The Center for Ballet and the Arts at New York University was founded in 2014 by Jennifer Homans, leading historian and author of bestseller Apollo’s Angels: A History of Ballet. We are an international research institute for artists and scholars of ballet and its related arts and sciences. We exist to inspire new ideas and new dances, expanding our understanding of the art form’s history, practice, and performance.

Why Ballet? Ballet is the longest lasting and most developed dance tradition the West has offered to itself and to the world. With a history stretching back 400 years, it has always been a reflection of society, with deep ties to religious, political, and social traditions. It is also a radical art that has changed dramatically in the course of its history, incorporating the evolving complexities of the societies in which it is practiced and performed.

And yet:  

In our theaters and performing arts institutions, ballet has too often been highly specialized and deeply conservative. It is still widely seen as an “elite” and narrow art form resistant to change and new ideas. But, the history of ballet is itself a revolutionary document: at critical moments ballet has reinvented itself by drawing on popular culture, black culture, musical theater, pantomime, and commedia dell’arte. At its strongest points, it has been intellectually expansive.  Its connections to philosophy and mathematics, to manners and religion, to the practices of war and to the ambitions of sport, to painting and fashion, have been profound. The fact that this dynamic history has not persisted is not only a failure of institutions, but also of imagination.

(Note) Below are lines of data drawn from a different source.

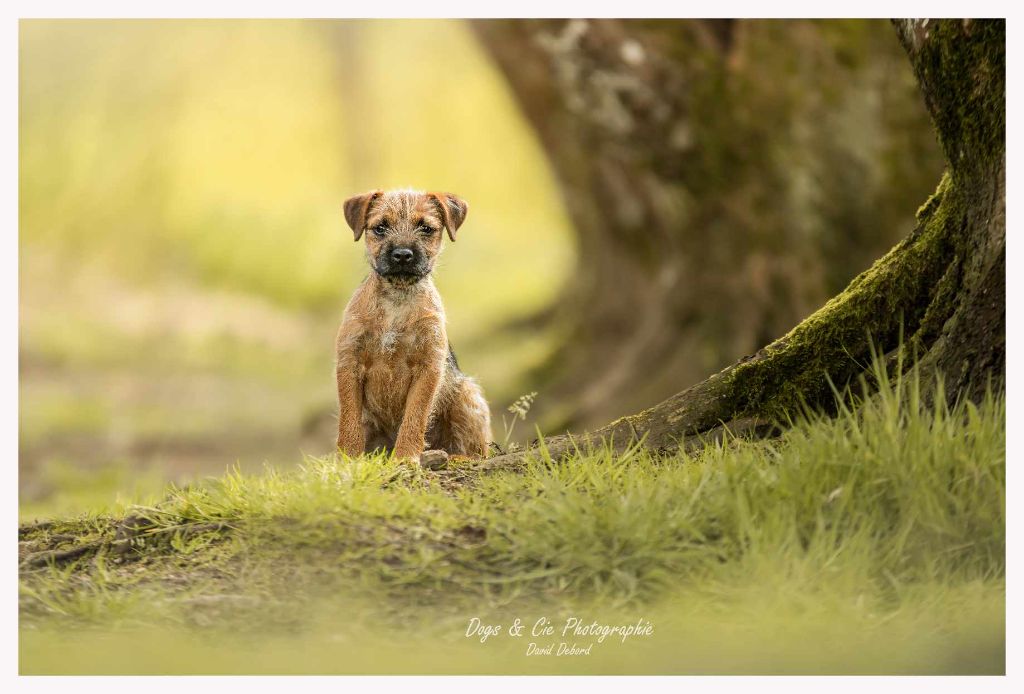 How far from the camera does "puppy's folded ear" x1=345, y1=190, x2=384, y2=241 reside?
6.02 m

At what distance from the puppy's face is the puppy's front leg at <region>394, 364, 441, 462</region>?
553 mm

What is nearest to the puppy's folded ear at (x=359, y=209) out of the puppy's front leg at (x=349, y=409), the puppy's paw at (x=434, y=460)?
the puppy's front leg at (x=349, y=409)

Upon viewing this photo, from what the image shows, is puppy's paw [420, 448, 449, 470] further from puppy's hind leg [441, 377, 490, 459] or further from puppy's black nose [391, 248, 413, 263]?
puppy's black nose [391, 248, 413, 263]

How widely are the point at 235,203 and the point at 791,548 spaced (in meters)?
12.8

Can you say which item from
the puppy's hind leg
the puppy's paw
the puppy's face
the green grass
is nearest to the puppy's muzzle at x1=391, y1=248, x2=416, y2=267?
the puppy's face

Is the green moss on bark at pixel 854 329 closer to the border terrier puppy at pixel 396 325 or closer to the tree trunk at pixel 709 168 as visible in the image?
the border terrier puppy at pixel 396 325

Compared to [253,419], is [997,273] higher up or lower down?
lower down

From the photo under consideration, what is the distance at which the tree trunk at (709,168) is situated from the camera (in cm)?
948

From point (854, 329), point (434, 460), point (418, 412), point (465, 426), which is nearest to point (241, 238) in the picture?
point (465, 426)

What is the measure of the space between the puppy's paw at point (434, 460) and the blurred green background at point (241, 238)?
16.9 ft

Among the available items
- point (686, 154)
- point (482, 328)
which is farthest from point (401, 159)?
point (686, 154)

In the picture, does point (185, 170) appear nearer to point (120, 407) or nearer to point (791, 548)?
point (120, 407)

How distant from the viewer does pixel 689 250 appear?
35.3 feet

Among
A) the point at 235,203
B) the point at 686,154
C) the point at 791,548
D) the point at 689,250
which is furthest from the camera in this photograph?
the point at 235,203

In our universities, the academic study of ballet – and of dance and the embodied arts more generally – has historically been similarly limited. Subjects like history, philosophy, and music, for example, are considered mainstream majors with robust curricula. Ballet, by contrast, is offered in technical programs or as extracurricular activity.  It is not systematically included in courses on the history of culture, philosophy, religion, the sciences. There are few ‘core’ courses on the nature and history of this important art. This is a significant gap in the history of culture.

CBA aims to open the world of the university and the world of ballet to each other. The idea is simple: they both have much to learn. The university “gets” the deep physical and artistic knowledge of ballet and a new field of study that is naturally interdisciplinary. Ballet “gets” new (and old, but forgotten) ideas and new collaborators. New York University, with its urban perspective and broad intellectual resources, is a natural setting for this kind of encounter.

In pursuit of this mission, we offer two things:

Our fellowship program facilitates the creation of new scholarly and artistic work in ballet, dance, and its related arts. We provide our fellows with the time, space, and support needed to develop new work. Our fellows, selected competitively from around the world, come with wide-ranging areas of expertise.  At CBA, they meet and are influenced by other artists and scholars they would not otherwise encounter; many form working relationships that last far beyond the fellowship. 

We also are out in the world. Our widely attended public events typically feature both artists and scholars in conversation, mixing live performance and scholarly knowledge. CBA is a forum for open discussion and debate about dance and the arts, with an ever-growing place in the cultural life of NYU, New York City, and beyond.

While ballet remains at the core of our mission, CBA’s inherently multidisciplinary nature has led us to grow up around and beyond it: we have become an international research institute for the performing arts organized around dance. This organic evolution serves to bring ballet and its related arts into an ever wider cultural community within the life of the University. It is this breadth and expansion that we shall embrace in the years to come.